EXERCISE AIM: Given the records underneath, please repeat exactly the lines from the line with "Detailed macro shot" through the line with "Photo of dirty", passing over any picture.

RECORDS FOR THIS EXERCISE: Begin

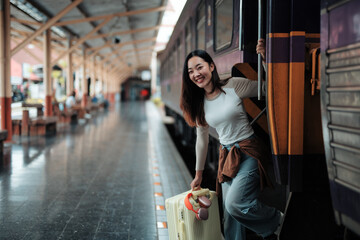 Happy tourist boarding a train at the railway station, holding her trolley and eagerly preparing...
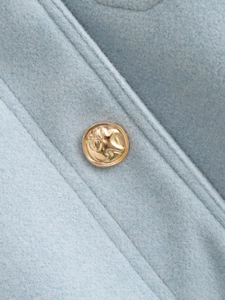 Detailed macro shot of light blue tweed fabric texture with an embossed gold metal button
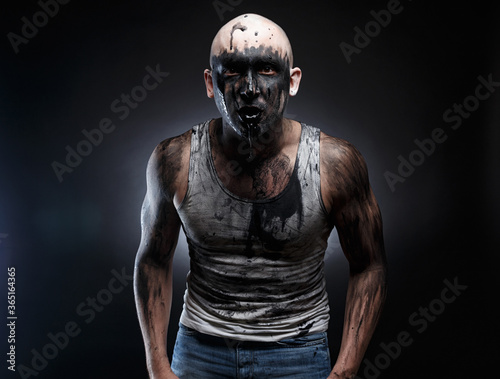 Photo of dirty mad man with black muck in the mouth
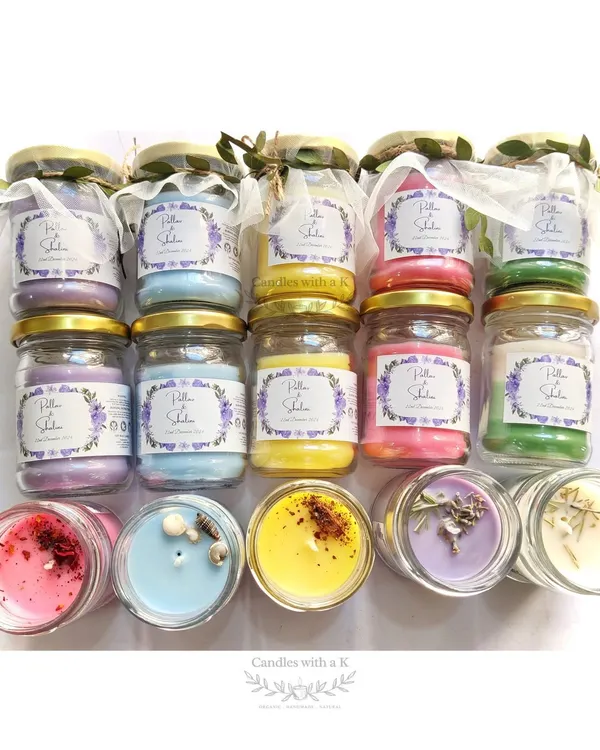 A vibrant collection of 100ml jar candles created for a bride, Shalini. The order included five different scents and designs, from layered candles to botanical toppings.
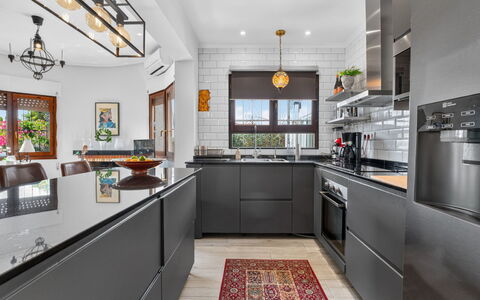 Quesada: Kitchen, Kitchen Appliance, Countertop, Cabinetry, Furniture, Interior Design, Major Appliance, Kitchen Stove, Home Appliance, Flooring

RECORDS FOR THIS EXERCISE: End

ANSWER FOR THIS EXERCISE:
 Detailed macro shot of light blue tweed fabric texture with an embossed gold metal button
 Photo of dirty mad man with black muck in the mouth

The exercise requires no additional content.